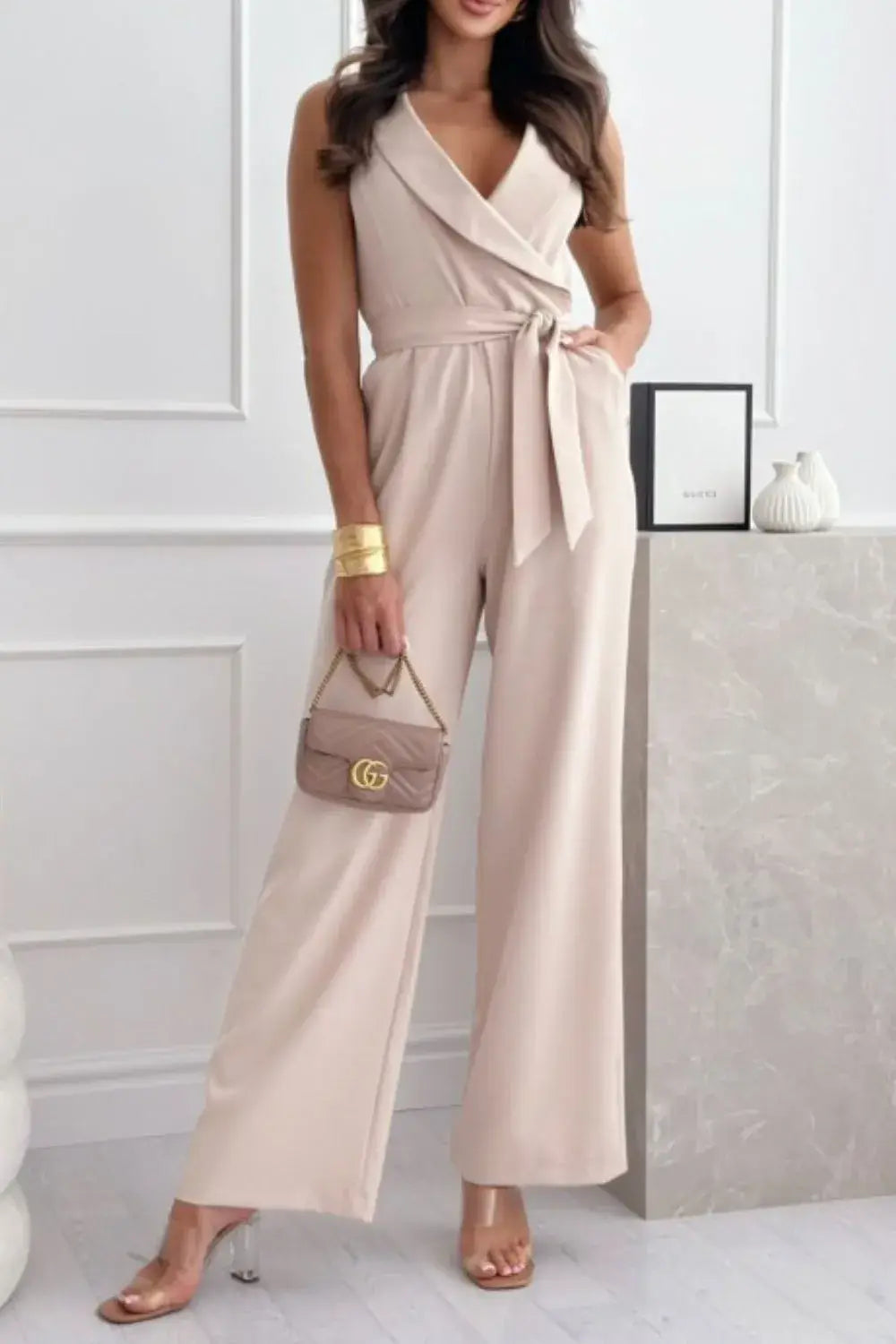 Surplice Sleeveless Wide Leg Jumpsuit - Trendsi - Flyclothing LLC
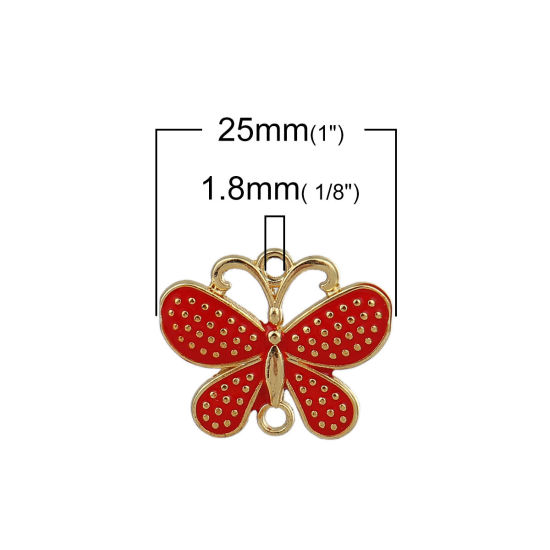 Picture of Zinc Based Alloy Connectors Butterfly Animal Gold Plated Red Enamel 25mm x 20mm, 10 PCs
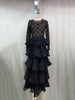 Elegant Spliced 3D Flower Dresses for Women O Neck Long Sleeves High Waist Patchwork Ruffles Folds Dress Female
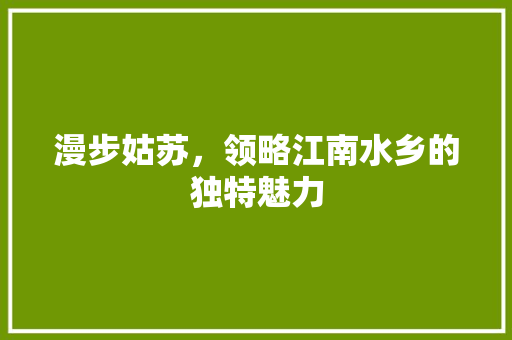 漫步姑苏，领略江南水乡的独特魅力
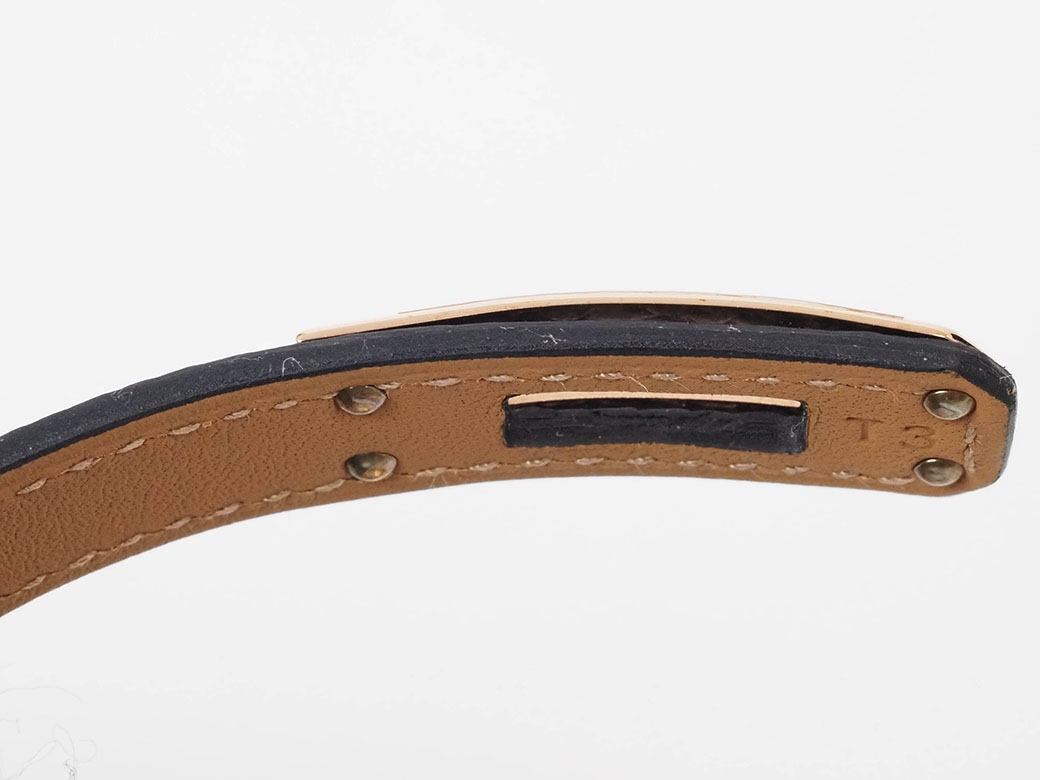 HERMES エルメス ケリーバングル ブレスレット リザード ブラック i4 HERMES エルメス ケリーバングル ブレスレット リザード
****************************************
— Prompt —
Look above for the line with "Picture of Zinc" and the line with "漫步姑苏，领略江南水乡的独特魅力"; set down those two lines and all lines between them exactly, without pictures and without anything else.

— Answer space —
 Picture of Zinc Based Alloy Connectors Butterfly Animal Gold Plated Red Enamel 25mm x 20mm, 10 PCs
 Elegant Spliced 3D Flower Dresses for Women O Neck Long Sleeves High Waist Patchwork Ruffles Folds Dress Female
 漫步姑苏，领略江南水乡的独特魅力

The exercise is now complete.